YOUR OBJECTIVE: From the data below, repeat exactly the lines from the line with "PHYSEN Hamac de" to the line with "Číslo obrázku produktu", both included.

INFORMATION PROVIDED:
*****
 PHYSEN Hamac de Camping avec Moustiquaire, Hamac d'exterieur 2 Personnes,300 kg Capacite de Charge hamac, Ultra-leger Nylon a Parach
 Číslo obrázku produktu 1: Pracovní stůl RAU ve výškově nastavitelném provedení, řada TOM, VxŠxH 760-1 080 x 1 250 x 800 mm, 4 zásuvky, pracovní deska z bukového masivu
*****
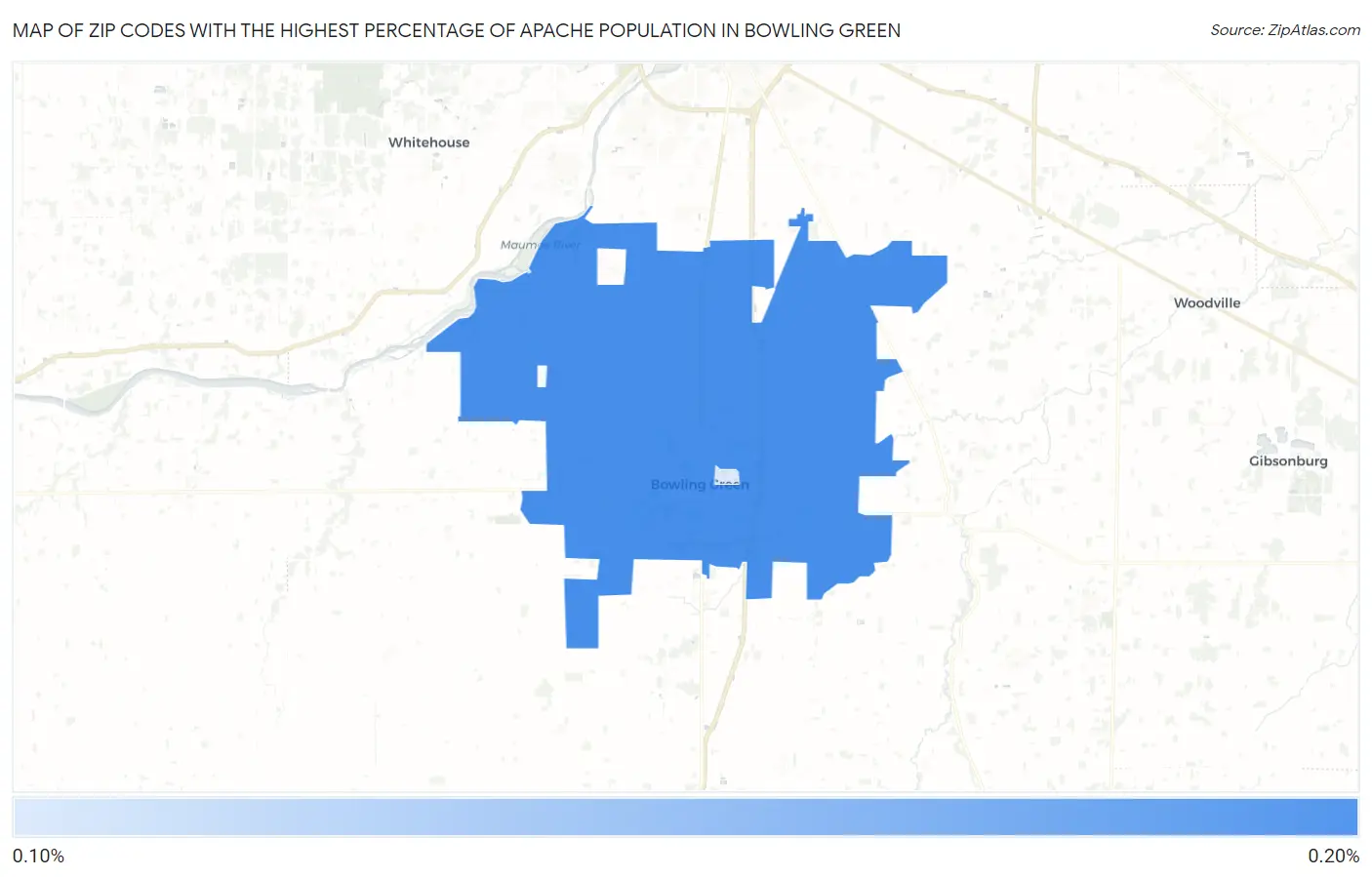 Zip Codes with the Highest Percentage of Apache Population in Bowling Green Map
*****
FINAL ANSWER:
 PHYSEN Hamac de Camping avec Moustiquaire, Hamac d'exterieur 2 Personnes,300 kg Capacite de Charge hamac, Ultra-leger Nylon a Parach
 Číslo obrázku produktu 1: Pracovní stůl RAU ve výškově nastavitelném provedení, řada TOM, VxŠxH 760-1 080 x 1 250 x 800 mm, 4 zásuvky, pracovní deska z bukového masivu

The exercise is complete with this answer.